Wednesday, 15 April 2015

Marathon #5 - Brighton Marathon 2015 Race Report

'Time is a healer' is a common phrase which I've heard over the years.

Its a good job I didn't come on here on Sunday evening otherwise I think I would have poured my heart out to anyone that would listen.  I've given it just about 3 days now but I'm still smarting.  No, smarting isn't the right word.  Hurting would be more appropriate.  I hurt like I never knew I could.

Quite simply, Sunday did not go to plan.  So much for thinking I was capable of around  a 4:03-4:08 finish time.

The first half did go to plan, within reason...

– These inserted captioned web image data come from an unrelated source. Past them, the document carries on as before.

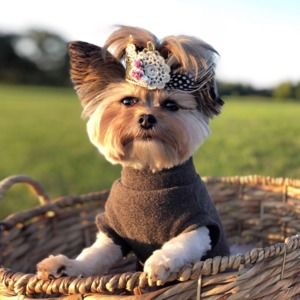 Meet your Posher, Liv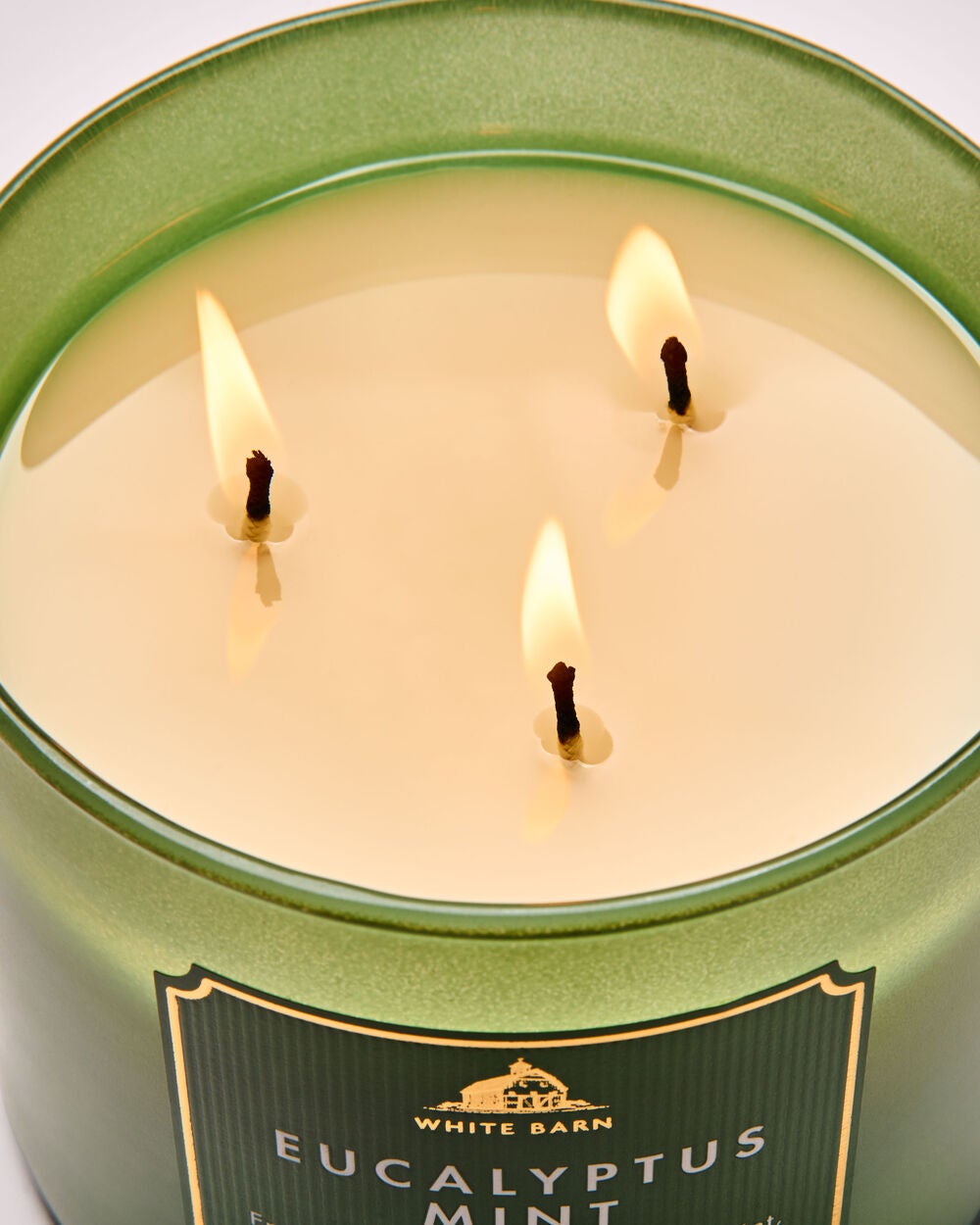 Eucalyptus Mint 3-Wick Candle - Image 5
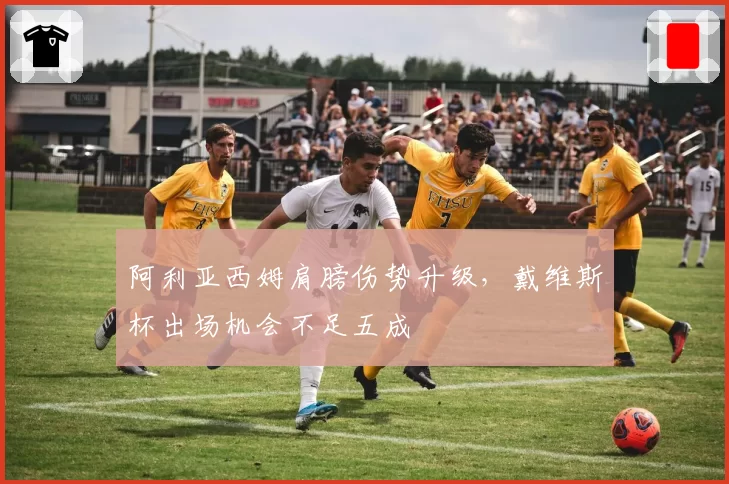 阿利亚西姆肩膀伤势升级，戴维斯杯出场机会不足五成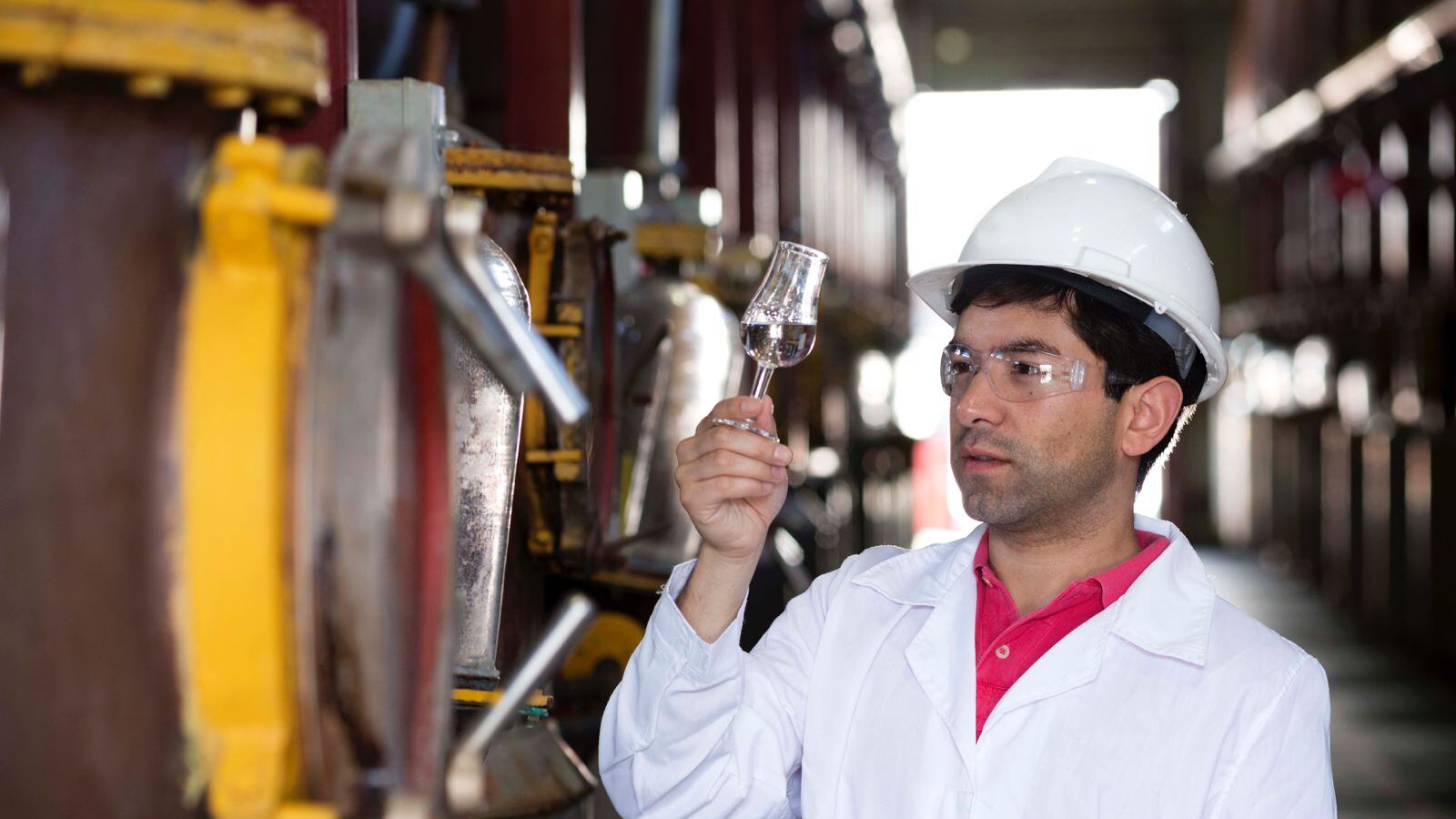 El Día del Pisco es este jueves 15 de mayo en Chile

First 13.1 mile splits from Strava via Garmin Connect

...through halfway in 2:03:41.  Not bad.  A tiny little bit slower than I'd planned but near enough perfect for the planned negative split.  Then it all went wrong.  Very wrong.

Let me take a step back here.  Saturday was straightforward.  Fellow Plum Lee Edwards drove over to us and Alison gave us a lift to Petts Wood station.  Train to Brighton was a reasonable £22 for 2 singles with the Gold Card discount applied.  Straight to the expo to pick our numbers up, bumping into another Plum, Lynne with her partner on the walk from the station.  Collected our numbers, had a quick walk about the expo and saw European 10,000m champion Jo Pavey being interviewed and then we walked down to our 'Guest House' via the Wetherspoons to catch the end of the Grand National, the first disappointment of the weekend.

Checked in.  Now this Guest House was basic.  It certainly wasn't a hotel.  A small room each with a tiny shower and shared toilet facilities.  Good job it wasn't any more than the basic £45 per night, which for the record did include a full English Breakfast which we didnt eat because that would have been suicidal before a marathon.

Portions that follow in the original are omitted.